Lawsuit Against Fuller Seminary Has Implications for Religious Educational Institutions Across U.S., Hinges on "Lawful Discrimination"

Published : Monday, December 2, 2019 | 6:32 AM

A federal lawsuit against Pasadena’s Fuller Theological Seminary could secure additional civil rights protections for the LGBTQ community across the United States.

The case will also put before the court important issues about the enforceability of consensual religious community standards which run counter to federal civil rights protections.

In her lawsuit, Joanna Maxon said she was kicked out of Fuller Theological Seminary last year while she was studying for a master of arts in theology after Seminary officials discovered she was married to another woman.

Maxon did not attend the Pasadena campus, but instead was taking courses online.

In the lawsuit, which was filed on Nov. 20, Maxon’s lawyers claim her federal and state civil rights were violated along with U.S. Department of Education Title IX rules, which prohibits gender identity discrimination at institutions that accept federal aid.

Maxon was using federally-backed student loans to finance her education.

The lawsuit appears to be the first one filed by a student expelled from a U.S. institution of higher learning for being in a same-sex marriage.

It comes at a time when the U.S. Supreme Court is deciding whether federal laws prohibiting sex discrimination protect people based on their sexual orientation.

But religious institutions are entitled to exemptions from Title IX nondiscrimination rules.

The protection to those institutions is broad, with the U.S. Department of Education rules even allowing that “religious institutions that have neither sought nor received prior written assurance from the Office of Civil Rights (OCR) may still invoke their exemption after OCR receives a Title IX complaint.”

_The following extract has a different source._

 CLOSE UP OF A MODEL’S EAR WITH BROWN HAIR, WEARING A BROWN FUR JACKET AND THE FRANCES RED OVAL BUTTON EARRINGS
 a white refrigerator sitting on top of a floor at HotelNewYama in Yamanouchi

Fuller is upfront about what it calls its “lawful discrimination.”

“The seminary does lawfully discriminate on the basis of sexual conduct that violates its biblically based Community Standard Statement on Sexual Standards,” the Seminary says on its website, continuing to say “Fuller Theological Seminary also does lawfully discriminate on the basis of religion.”

“Therefore, the seminary expects members of its community to abstain from what it holds to be unbiblical sexual practices,” the site notes.

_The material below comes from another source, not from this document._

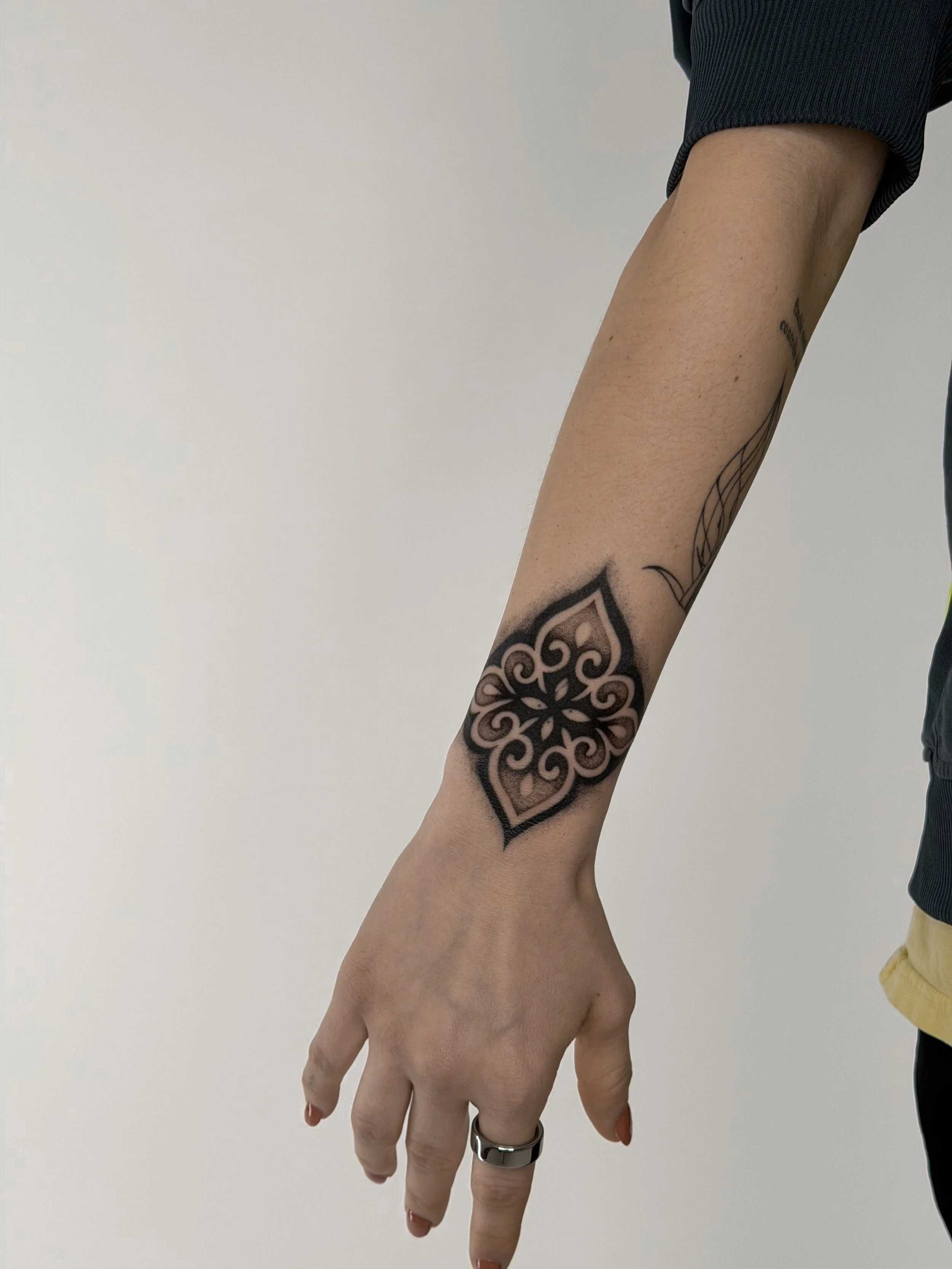 A person's arm extended downward, showing a black and pink tattoo with intricate, symmetrical design on the wrist.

“This policy is also one of the seven Statements of Community Standards applicable to all members of the Fuller community, and as such, adherence to it is a continuing condition of admission and employment,” the statement reads.

A central issue in the case will be for the court to decide if Maxon agreed to abide by specific community standards in order to remain a student and then violated those standards, thereby triggering her expulsion.

Maxon started at Fuller seminary in 2015 and has been a student for more than three years, according to her attorney Paul Southwick, who said professors and students knew about her wife and her daughter.

“No one had a problem with it,” Southwick said. “And then all of a sudden, the main campus in Pasadena sent her a letter and said, ‘We’ve seen your tax return. Are you really married to a woman?’ She said ‘yes.’ And then they expelled her. It really caught her off guard.”

Southwick acknowledges that Maxon “agreed to abide by the university’s code of conduct,” but questions how it is defined.

“They don’t say what is unbiblical or homosexual conduct. Is hugging okay, is kissing okay? You know, they don’t go into it and nor did they ask her about it, and it’s not like she posted sexual things online or shared her sex life with anyone. They really just singled her out by asking about her marriage and assuming, sexual aspects about her. They would never do this to say, a single male student. They don’t interview a single male student every year and say, Hey, are you keeping it in your pants or have you violated these rules?”